***NOTE: Many theaters are adding a special “encore” showing of The Dropbox on Monday, March 16. You can search for local theaters and buy tickets HERE.***
You’ve probably already heard about the film, The Dropbox, which opens March 3 in theaters across the U.S. It intertwines heartache and beauty, as does any true story of defenseless children and those who welcome them in. But there’s also a back-story to The Dropbox that reveals another powerful truth: loving orphans shows the world God’s heart like nothing else can.

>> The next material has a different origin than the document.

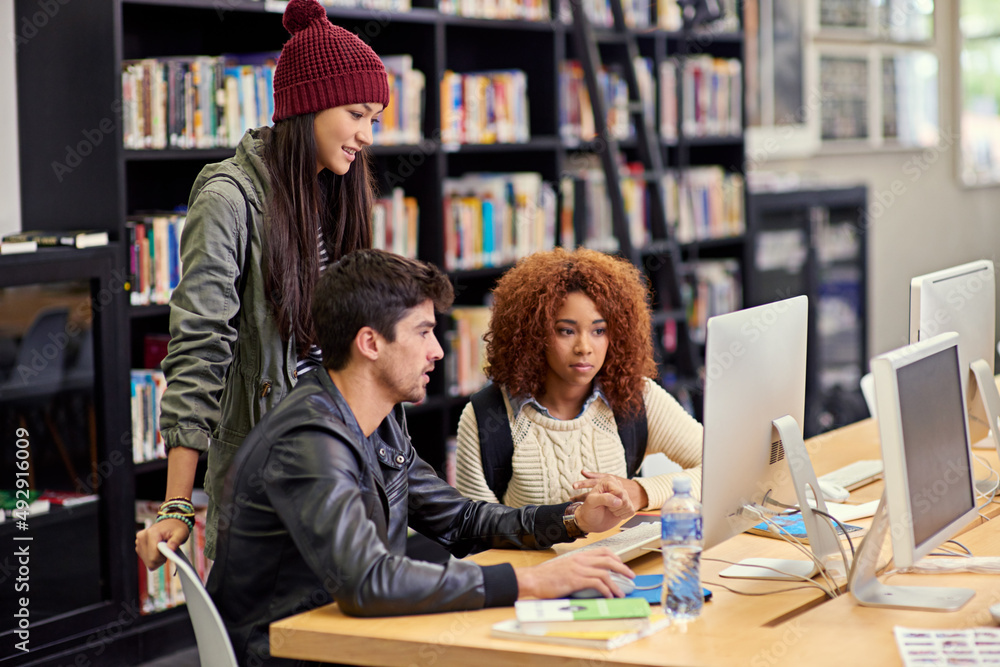 Poster This study group knows what theyre doing. Shot of a group of students working together at a computer in a university library.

I remember well a conversation I had with the filmmaker behind The Dropbox, Brian Ivie, more than a year ago. Brian shared how he’d grown up in southern California in a nominally religious home. The idea of God was always vague and abstract for him.
Most of all, Brian loved making movies. As he grew in the art of filmmaking, it became his obsession – his “god,” as he described it. While still a student, Brian read an article in the LA Times about a pastor in Korea, Lee Jongnock. Pastor Lee and his wife had created a “dropbox” to try to provide a landing place that would be safer than cold front steps and trash bins, where many of the babies being abandoned on the streets of Seoul were left.
For child after child – many of them with serious disabilities – the dropbox provided not only a landing place, but also a doorway into the Lee’s hearts…and home. It wasn’t long before the Lee residence was overflowing with precious, needy young lives.
The story hit Ivie hard. What did the reality of myriad babies abandoned on the streets say about us as humans, he wondered. He felt it was a story worth investigating, a story worth exploring in film. He tried to email Pastor Lee several times but received no response.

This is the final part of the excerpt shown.